Now the shoe drops and it's Nvidia's turn to allow SLI to work on Intel chipsets. Yes that would create competition for Nvidia's chipsets, force them to be better, to compete for customers. Intel didn't really expect trouble. In fact a year or so ago, hacked drivers allowed SLI to work on Intel chipsets so it was all technically possible. Then came the request for a payment arrangement. Intel was pretty surprised. Here, after years of allowing a competitor to thrive, to take away their own market without cost, said competitor comes along and offers to kindly charge for enabling a connectivity feature.

So Intel gave the first warning sign, and the new quads didn't work on older Nvidia chipsets. Nvidia still feels it should be the only one getting paid here.

Now along comes Nehalem. And the deal is simple even the Jensen can probably read it. If Nvidia feels they have no need of using Intel cpu's then they can feel free to go their own way. If not, then it's a simple trade, SLI for access to the new Nehalem sockets.
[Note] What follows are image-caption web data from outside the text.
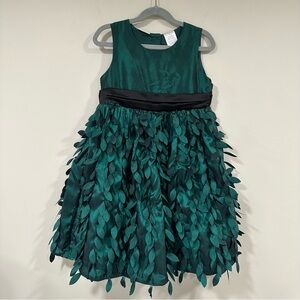 BLUEBERI BOULEVARD Petal Dress Emerald Green Holiday Formal Dress Size 6X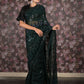Rajwada Dark Green Georgette Sequins Embroidered Saree With Unstitched Blouse For Women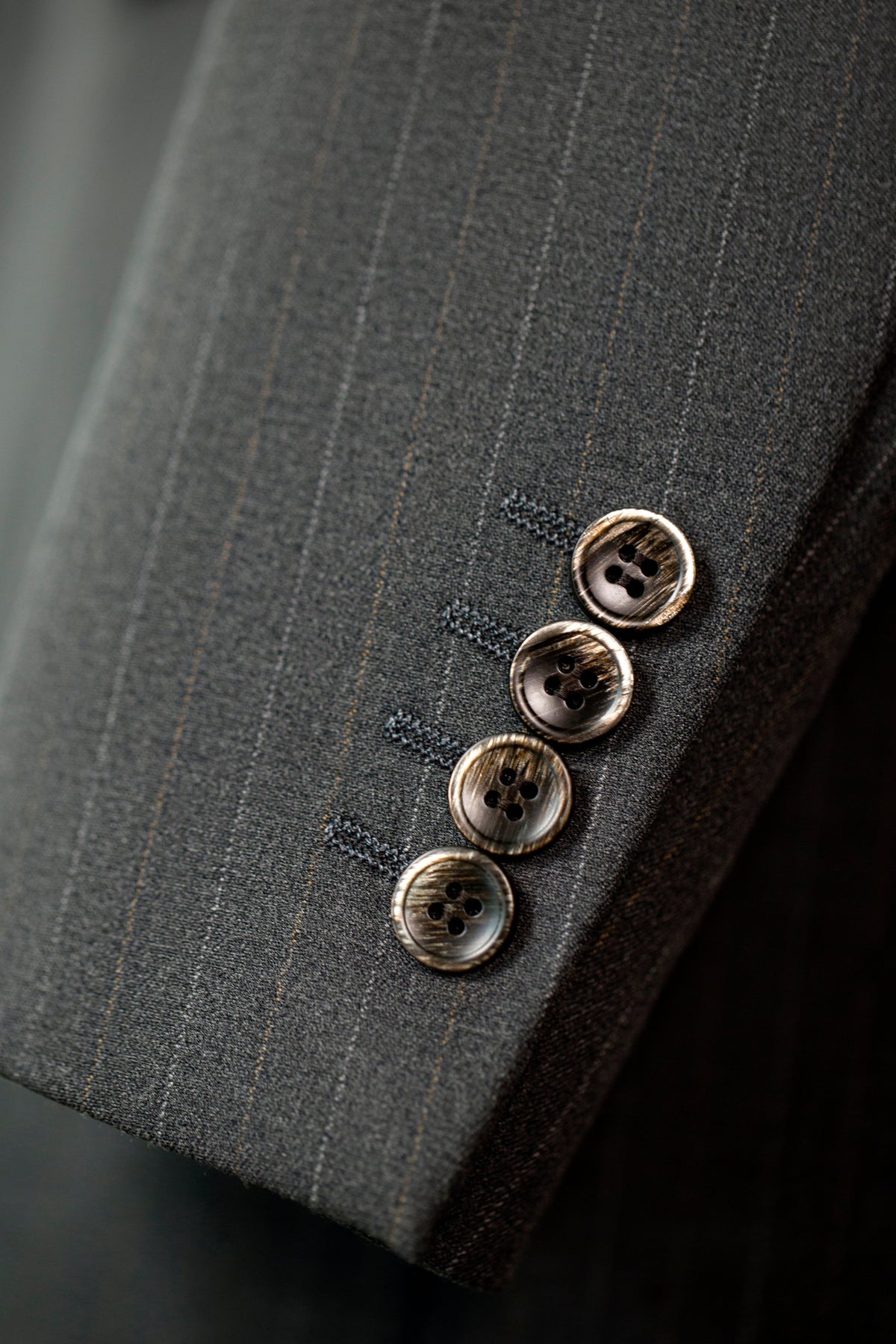 Three Piece Pinstripe Wool Suit With Waistcoat And Notched Lapel Tailored Fit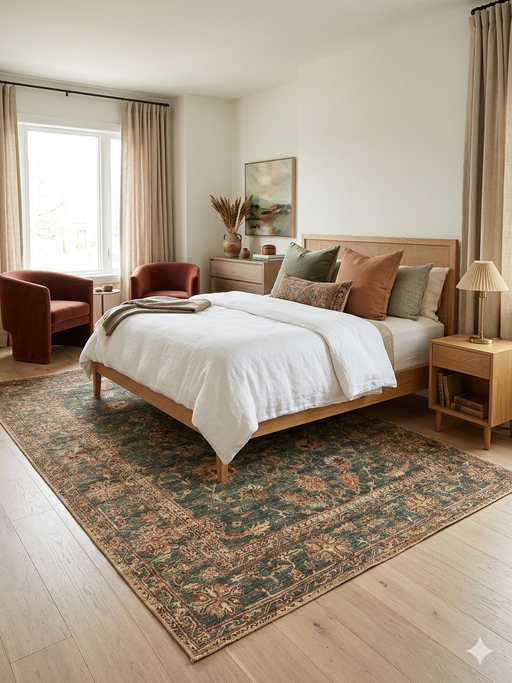 7' x 9' Rectangular Green & Beige Floral Traditional Washable Area Rug styled in a bedroom with warm wood furniture, neutral bedding, and soft natural light.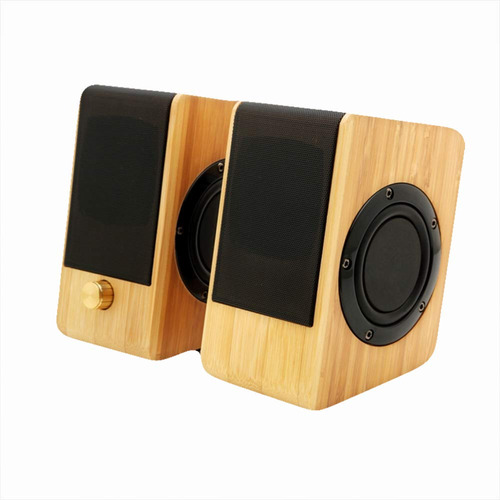 Subwoofer Bambu Para Hogar Portatil Mini Altavoz Escritorio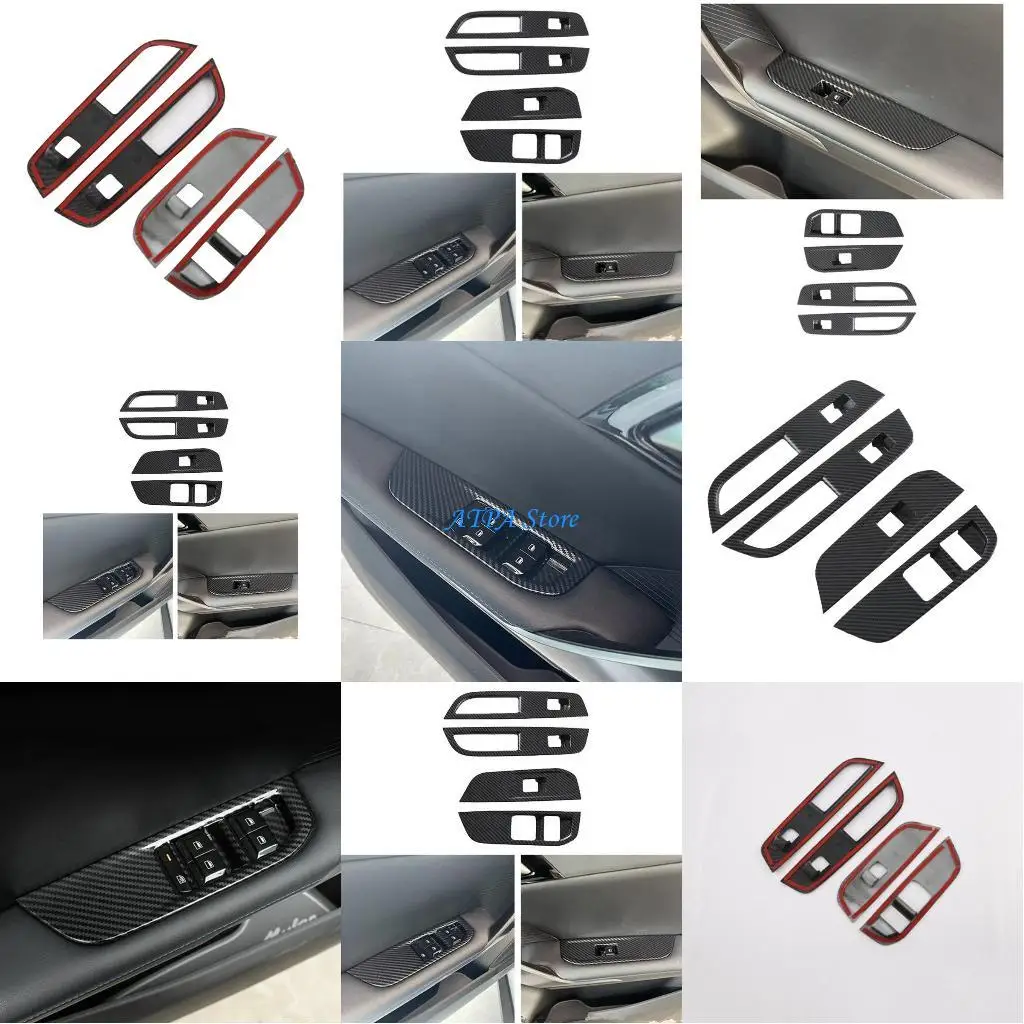 

U13C Car Window Control Lift Switchs Panel Cover Trim Decoration for MG4 EVMulan 4pcs
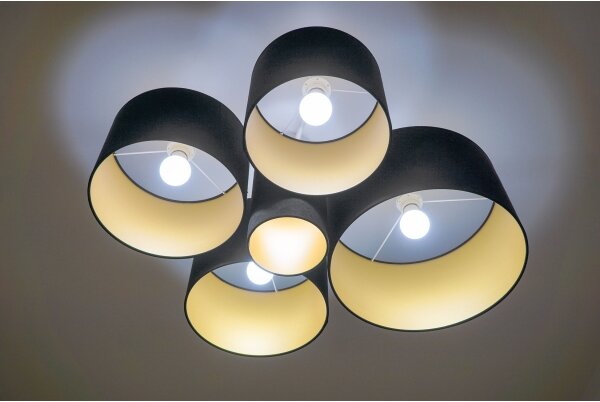 Duolla - Plafoniera ROLLER PENTO 5xE27/60W/230V nero/oro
Realistically Nehalem only has to exist for 1 year and the Larrabee will provide more GPU power than quad SLI GT200's. So Nehalem users aren't really all that concerned. The question for Nvidia is whether they want to have any business at all in 1 year. If they can't sell chipsets to the Intel side of things, and Larrabee eats heavily (to put it mildly) into their GPU business, how much do you think Nvidia stock will be worth? Not much.

Jensen is all fire and not a whole lot of brains. He and Yahoo seem to be thinking alike, both idiots in a modern world. Nvidia loves being the bully. Look at ATI. And they certainly haven't considered playing "fair" in the GPU wars over the years. But now they are going to wave their business goodbye because they are greedy. And in that process, much like Yahoo, they will toss their entire business into the can.

You couldn't pay for this kind of entertainment.